Diesmal war dafür hauptsächlich Toby Alderwereild verantwortlich. Da er teilweise auch ohne Ball zwischen seinem Partner Daley Blind und dem Mittelfeld stand, erinnerte sein Spiel ein wenig an die Rolle, die Frank Rijkaard im großen Ajax-Team von 1995 unter Louis van Gaal gespielt hatte.

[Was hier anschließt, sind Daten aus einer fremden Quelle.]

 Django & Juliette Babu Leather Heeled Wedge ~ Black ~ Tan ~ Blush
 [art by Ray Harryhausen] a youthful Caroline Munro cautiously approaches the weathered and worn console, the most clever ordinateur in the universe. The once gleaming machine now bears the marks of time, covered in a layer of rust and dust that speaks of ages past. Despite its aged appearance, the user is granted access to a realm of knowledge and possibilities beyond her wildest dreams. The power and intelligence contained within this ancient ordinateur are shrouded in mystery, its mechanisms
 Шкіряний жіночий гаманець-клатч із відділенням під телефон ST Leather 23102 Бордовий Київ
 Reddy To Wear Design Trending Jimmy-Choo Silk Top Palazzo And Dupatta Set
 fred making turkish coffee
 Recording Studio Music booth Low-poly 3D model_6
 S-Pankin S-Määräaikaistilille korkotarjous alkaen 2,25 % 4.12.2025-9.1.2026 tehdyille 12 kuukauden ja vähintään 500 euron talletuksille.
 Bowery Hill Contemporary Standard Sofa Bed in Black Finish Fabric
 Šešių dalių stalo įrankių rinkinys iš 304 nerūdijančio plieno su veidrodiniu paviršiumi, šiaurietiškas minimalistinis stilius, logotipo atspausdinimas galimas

Die risikoreiche Formation zeigte Wirkung und Ajax dominierte mit einer Überzahl im Zentrum den Ball und das Geschehen, ohne aus dieser Kontrolle Chancen kreieren zu können, denn Alderwereild konnte zwar häufig ungehindert bis in die gegnerische Hälfte laufen, traf dort allerdings auf ein Mittelfeldpressing und ein gespiegeltes Mittelfeld. Jeder Akteur hatte einen direkten Gegenspieler, womit es den Ajax-Spielern schwer fiel, sich zu lösen und als Anspielstation anzubieten.

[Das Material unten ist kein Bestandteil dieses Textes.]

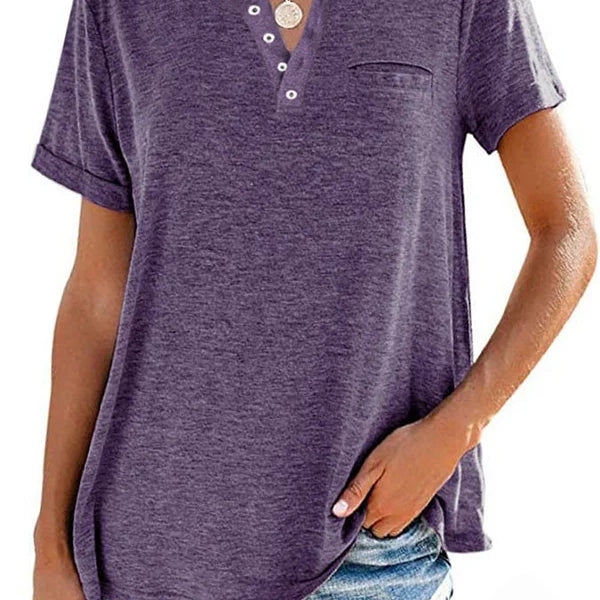 Eira™ Camiseta de Manga Corta con Bolsillo de Color Sólido de Moda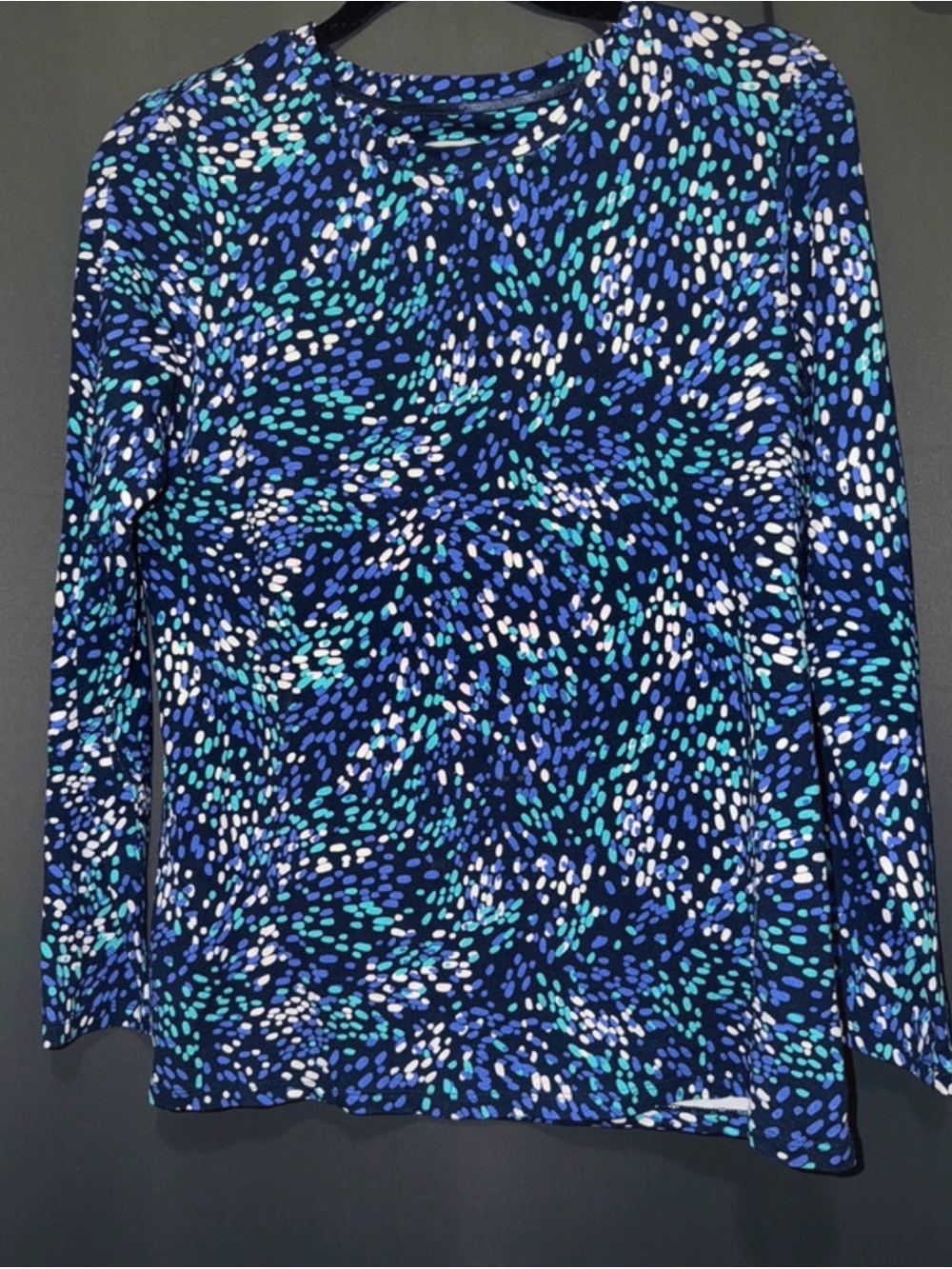 Chico's Navy Top with Teal & White Dot Print Sz 1 (Medium)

Weil bereits ein Innenverteidiger immer aufrückte, konnten die beiden Außenverteidiger zwar durchaus offensiv spielen, mussten aber meist den inneren Weg nehmen (wobei van der Weil auch wegen des schnellen John recht defensiv blieb) und konnten somit nicht für Breite sorgen. Die beiden Außenstürmer klebten allerdings auch nicht an der Linie.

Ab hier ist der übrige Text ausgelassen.